3 min read

Protein Expression Optimization Process

Featured Image

Scientists in charge of protein expression optimization projects all too often fly by the seat of their pants. Unfortunately, an ad-hoc approach to protein expression optimization is unlikely to achieve the company objectives.

The process tests one plasmid at a time based on experience and intuition. A solubility tag is added here, codon usage is optimized,  or a different promoter is tested. The problem with this approach is that it is often more guided by cloning strategies than by the nature of the data it generates. It is unlikely to lead to data suitable for analysis.

Generally, successful optimization strategies require the careful balancing of different control parameters (transcription, translation, plasmid copy numbers) that often interfere with each other. Optimizing protein expression cannot be achieved by maximizing every possible control parameter.

Data-Driven Protein Expression Optimization

Today, it is possible to use a structured approach that relies on rigorous experimental design and extensive use of gene synthesis/DNA assembly.

The process starts with a formalization of the optimization objective. Are we trying to maximize the expression of one protein, reduce the cost of a biomanufacturing process, or maximize the expression of a complex? It is impossible to be sure you are making progress forward if you don't know the destination.

In a second step, vector design options available to the project are formalized. At GenoFAB, we help teams think outside the box by suggesting strategies that may not have considered and to formalize these strategies in GenoCAD. Upon completion of this phase, we use GenoCAD combinatorial design tool to estimate the size the genetic design space available to the project. At this point, the number of possible expression vectors largely exceeds experimental capabilities.
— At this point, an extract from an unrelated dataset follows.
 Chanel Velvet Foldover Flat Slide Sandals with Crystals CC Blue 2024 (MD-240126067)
It is common for people in this situation to worry about the cost of gene synthesis or the labor involved in assembling large numbers of expression vectors. In reality, however, collecting expression data is generally the limiting step. We help our clients design characterization strategies that can be performed quickly and inexpensively on a large number of expression vectors.
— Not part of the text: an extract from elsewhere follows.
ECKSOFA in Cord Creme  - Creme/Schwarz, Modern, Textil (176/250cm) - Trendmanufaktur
At this point, it becomes possible to design an entire experimental workflow that includes the assembly of a large number of plasmids and the collection of expression data. This leads to a dataset that can be used to build a mathematical model of how the different design parameters contribute to the vector performance.

This model is then used to predict the performance of vectors that were not included in the original dataset. Vectors predicted to have superior performance will then be assembled and characterized. A few iterations of this product development cycle may be necessary to achieve the target performance but at every stage, rationally designed datasets will be collected and analyzed to rationally predict the optimal design.

Is it worth it?

This approach takes time and costs money. Depending on the project it could take 6 to 12 months. This development effort may require a $120K investment. It is fair to wonder if this is worth it? The ad-hoc approach may seem faster and cheaper in the short run. It may not lead to the optimal vector but it could lead to a vector that's good enough. In this context, how would you justify the extra cost of a systematic approach?

The truth is that the ad-hoc approach may lead to a vector that's good enough in the same way that buying a lottery ticket may lead to a win. It may, but nothing is less certain. This type of uncertainty would be unacceptable in many aspects of managing a business. Chance should not be part of the determining factor of the success of a research project. A large dataset will support quantitative predictions in a way that the anecdotal results collected one plasmid at a time cannot.

In reality, the ad-hoc approach is likely to be slower in the long run - and time is money. If you have to test 24 plasmids, it's cheaper to test them all at once rather than spreading the effort over six months. The experiments will be cheaper and the results will have a greater impact on the company.

A vector that may seem like it is good enough when no longer be good enough when moving into manufacturing. A high-performing vector will impact the profitability of manufacturing processes. It can reduce process development time, campaign time, or reactor volumes, etc. It's about as important as the engine is to a car. It can mean the difference between winning and losing a bid, between profit and loss on a contract.